» Provided material
Content starts

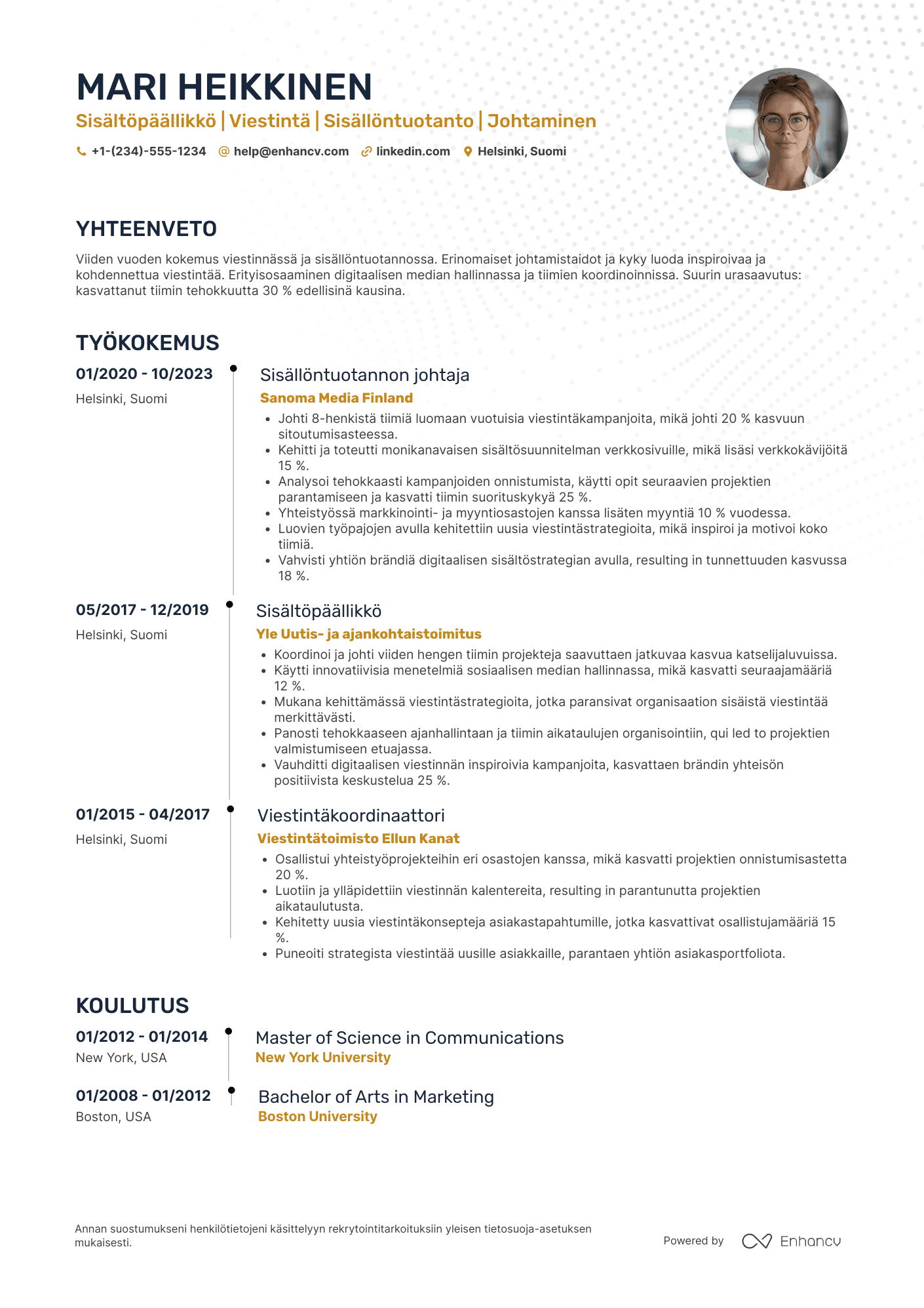 Ansioluettelo Sisältöpäällikkö viestintä Resume Example
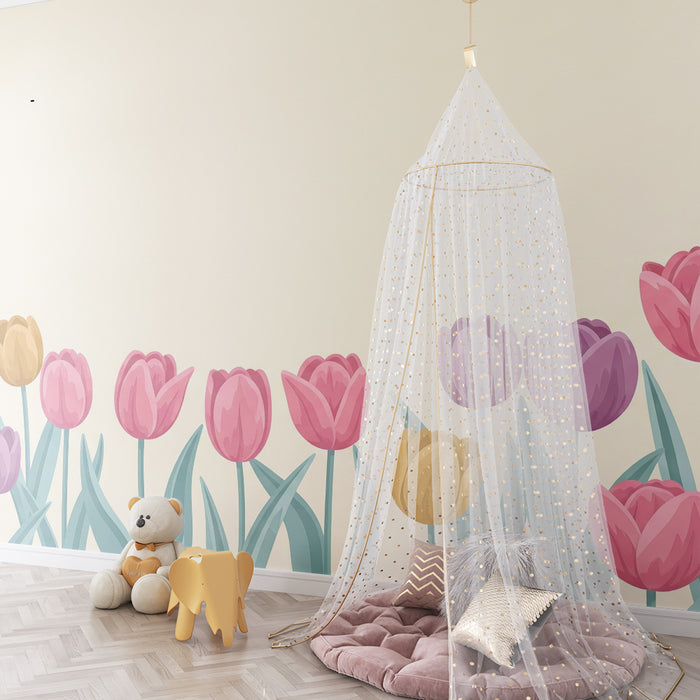 Papier peint chambre bébé | Tulipes colorées sur fond doux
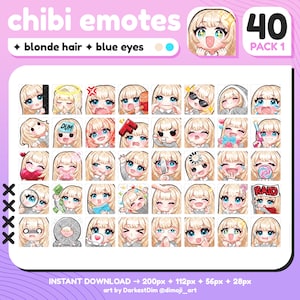 Lot d'émoticônes mignons chibi cheveux blonds/yeux bleus P2U 1 x 40 | PACK Émoticônes | Twitch/Discord/YouTube/Streaming | Émoticônes fille kawaii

Content ends

» Work request
Only exact copies are wanted here. Write out the lines from the one containing "Papier peint chambre" through the end of the material and no others, omitting all pictures.

» Solution to the exercise
 Papier peint chambre bébé | Tulipes colorées sur fond doux
 Lot d'émoticônes mignons chibi cheveux blonds/yeux bleus P2U 1 x 40 | PACK Émoticônes | Twitch/Discord/YouTube/Streaming | Émoticônes fille kawaii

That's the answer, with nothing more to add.